Citroen has put aftersales service firmly in the spotlight with a number of initiatives intended to improve its service to fleets.

A one-day training course for service managers and dealer principals entitled ‘who killed the fleet customer’ is outlining to the retail network the importance of the fleet customer – not least because they are worth three times more than a retail customer in service revenue due to the higher mileages and more frequent servicing.

All 90 business centres are going through the training which identifies the key elements of importance to fleets, such as minimising downtime.

“We have to change the hearts and minds of the network to make them more responsive to the needs of the fleet sector,” said Andy Wady, Citroen fleet director.

Reaction times to service and repair booking requests via Epyx 1Link have already been tackled as part of the Business Class programme. Citroen now employs an Epyx member of staff at its call centre who contacts dealers if they are slow to respond to an enquiry within 30 minutes.
Result: response times have fallen from 60 minutes at the end of last year to 24 minutes in June. Citroen is now targeting a 20-minute response time.
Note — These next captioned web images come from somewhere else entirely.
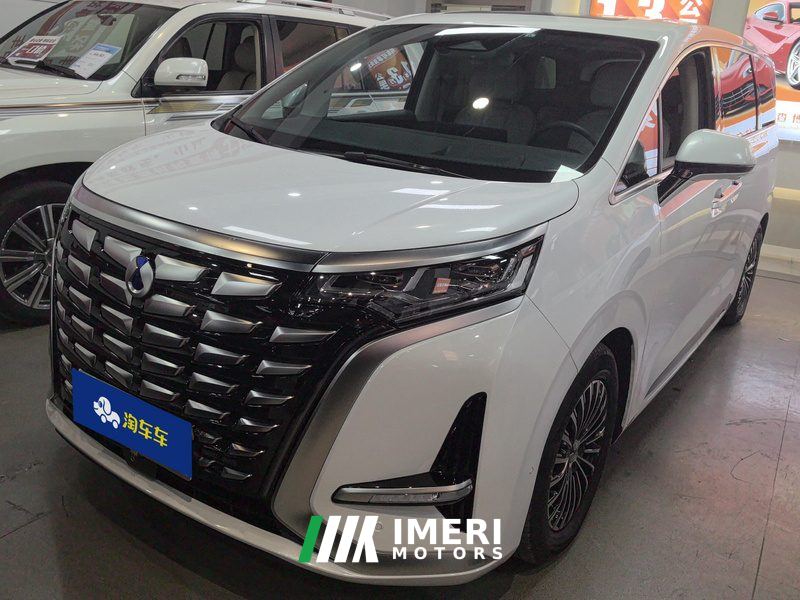Denza D9 DM-i 970 4WD Flagship Edition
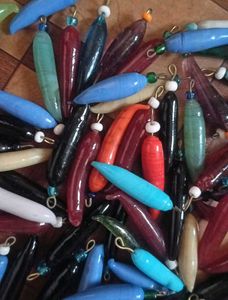 beautiful glass Chili's for diy projects 💗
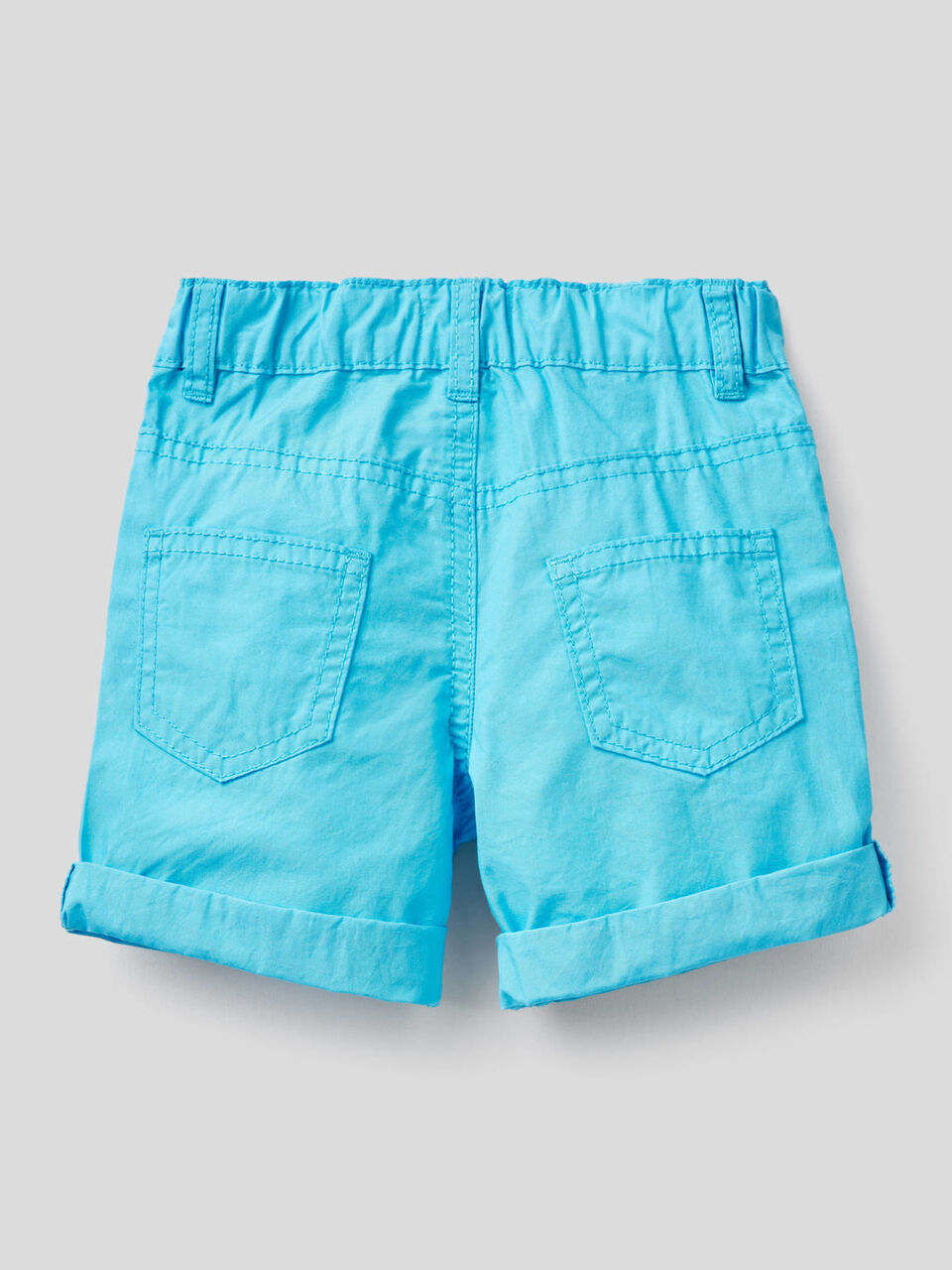 Short en pur coton image number 2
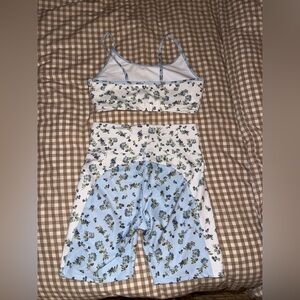 Floral Athletic Shorts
“A lot of leasing company systems have a 50-minute threshold and then the job gets flicked to an independent,” said Wady. “We lose the business because we are not quick enough.”

The Epyx employee also assesses jobs that have been rejected by a dealer; often there is no good reason. Consequently, jobs refusals have fallen by 74% - just 26 were refused in June compared to more than 100 per month last year.

“To compete with the independents is about quality of the service, ease of doing business and the price,” added Wady. “A lot of our focus in on the aftersales provision because this generates more sales in the future.”